How to become a Chinese-English translator and what it’s like being one
This interview is built on questions submitted by readers through Facebook, Twitter and as responses to my weekly newsletter. It wasn’t possible to include all questions, but I have made sure to ask the most common ones. I have also edited and combined various questions to make the interview flow better.
Before we start the interview, I’d like to address two things. First, translation and interpretation are two different activities and while both require advanced levels in both languages, the requirements and skills involved are quite different. This article is about translation.
Second, most translators translate into their native language from other languages. This is of course because it’s much easier to understand a language well than it is to express yourself in that language. While there certainly are exceptions, reaching a a proficiency level in Chinese advanced enough to translate into Chinese would be orders of magnitudes harder than doing it the other way around.
As the title implies, this interview is separated into two parts, one about becoming a translator and one about what it’s like working as one.
Becoming a Chinese-English translator
Let’s start with the most common question I received from readers. How good do you need to be before you consider becoming a translator? How do I know when I’m ready?

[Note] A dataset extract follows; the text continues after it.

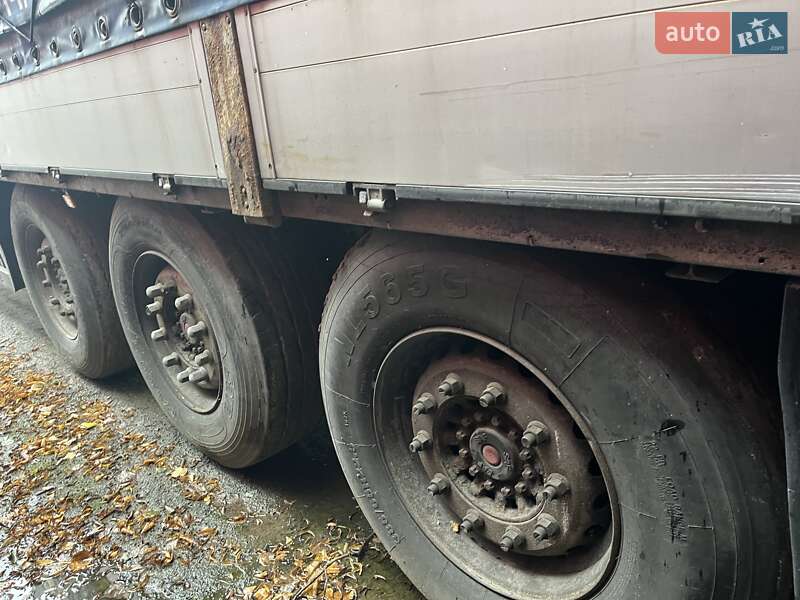 Бортовий напівпричіп Schmitz Cargobull SPR 24 2004 в Львові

Ideally, you should have very good reading comprehension skills in the language you are translating from, and a native command of the language you are translating into. By “very good” I mean you can read a variety of texts – books, newspapers, magazines, etc – without having to look up a dictionary very often.
For learners of Chinese, it takes about ten years to get this level, maybe eight years for very dedicated learners. It takes this long because you have to learn two languages at the same time: the language of reading and writing (Chinese characters) and the language of speaking and listening (Mandarin, for most people). They are two completely different linguistic systems that share very little vocabulary with European languages.
I know of two exams that attempt to measure this level of proficiency – HSK-6 and the NAATI Professional Translation Exam. However, having taken and passed both of these, I would say neither is an accurate representation of the skills required to be professional translator. So it’s really up to you to assess your own level and whether you would be confident taking on translation jobs.
Okay, how should one study to reach this level? What tools and resources are available?
People talk about many different approaches to language learning, but in my view, it’s actually quite simple. To improve a skill, you just need to practice, every day, over a long period of time, and slowly but surely you will make progress.
With translating, the most important thing is your ability to understand a wide range of texts. So read as much as you can. Take plenty of notes. And always be curious about how different words and expressions can be translated. Better yet, you can practice translating by yourself, and then get some feedback from people you know.
Are there some skills that are less important? How about writing Chinese characters by hand?
Since most translators of Chinese whose native language is English only translate into English, the ability to write Chinese characters by hand is not important at all. And even if you were translating into Chinese, you would almost never write by hand, unless perhaps in a translation exam. That being said, I am a big advocate for the benefits of learning how to write Chinese characters for all students of Chinese. But that’s a whole other topic.
Any advice for intermediate students aspiring to become translators?
Don’t be put off by anyone who says you’re not good enough to be a translator! It’s probably a generalisation, but in my experience translators tend to have, let’s just say, interesting personalities – some can be rude, arrogant or intimidating. If you can find a translator who can support you as a kind of mentor, that’s great, but if not, that’s OK too, because you can still make a lot of progress on your own.
Also, if you dream of one day becoming a translator but you feel your language level is not quite there yet, don’t give up. I remember when I first started my Master’s in Translation Studies my Chinese was no where near the level it needed to be to start professional translating, but that didn’t stop me from enrolling – in fact, it pushed me to work even harder. If I hadn’t have taken that first step, I would not be at the level I am today.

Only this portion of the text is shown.